— DATA BELOW —
+===+
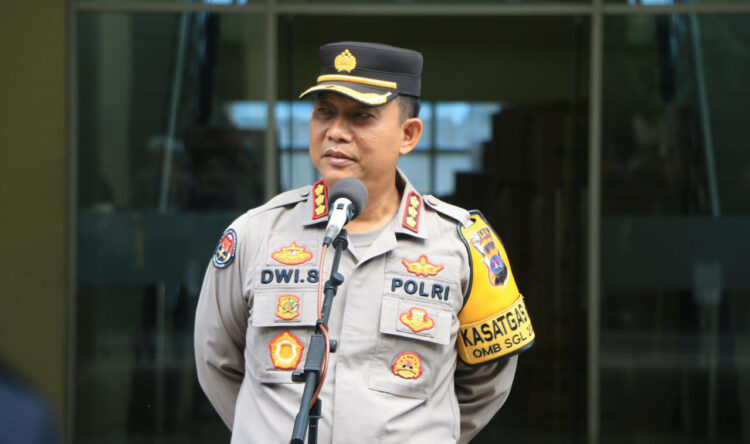 Langkah Proaktif Demi Kondusivitas, Polda Sumbar Siagakan Personel untuk Amankan Kampanye Pilkada 2024 1 Kombes Pol Dwi Sulistyawan
Kabid Humas
Polda Sumbar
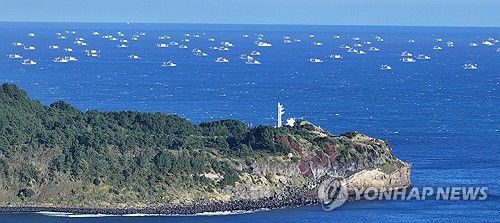 풍랑에 대피한 중국어선들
+===+
— WORK TO BE COMPLETED —
Take the listing and print it again exactly, but without any pictures.

— ANSWER BOX —
 Langkah Proaktif Demi Kondusivitas, Polda Sumbar Siagakan Personel untuk Amankan Kampanye Pilkada 2024 1 Kombes Pol Dwi Sulistyawan
Kabid Humas
Polda Sumbar
 풍랑에 대피한 중국어선들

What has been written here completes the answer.